4 thoughts on “ULA’s Woes”

  1. All this time, through all of its difficulties, I’ve assumed that ULA was safe to survive through the early 2030’s, since it has such a big manifest (about 70 launches) for Vulcan on its books.

    But this is starting to sound serious enough to put that in jeopardy. The Defense Department is a big chunk of that manifest.

    SpaceX’s strategy to vertically integrate its space architectures to the maximum extent possible looks vindicated yet again.
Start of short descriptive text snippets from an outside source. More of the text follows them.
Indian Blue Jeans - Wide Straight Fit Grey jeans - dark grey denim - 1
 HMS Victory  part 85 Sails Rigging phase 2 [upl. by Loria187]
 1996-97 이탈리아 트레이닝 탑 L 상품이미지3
    1. One also cannot discount the risk that the other large chunk of that thus-far Vulcan manifest could go away. That would be the launches slated for Amazon Leo. Besides handing ULA a big chunk of the total Leo launch manifest, Amazon also kicked in much of the money it took to build out a second Vertical Assembly Facility at SLC-41 to allow a potential doubling of cadence. If ULA and NorGrum can’t get pending issues squared away fairly soon, Amazon may have no real choice but to acquire still more launches from SpaceX in addition to the three already flown and the 10 additional ones that were recently contracted for. That, even more than military launches switched to SpaceX – and perhaps to Blue Origin within a year – could spell an early end to ULA.

  2. 6 GEM 63-XLs could be replaced by 15 SpaceX Merlin engines, arranged as a 5 foot thick, 71 foot tall hoop that surrounds the Vulcan’s core. The engines would be spaced about eight feet apart.

    The question would be how you land it, and whether it would really be a Falcon 15 with a weird methalox second stage and cryogenic third stage, and how they could ever make money throwing away an RL-10 per mission.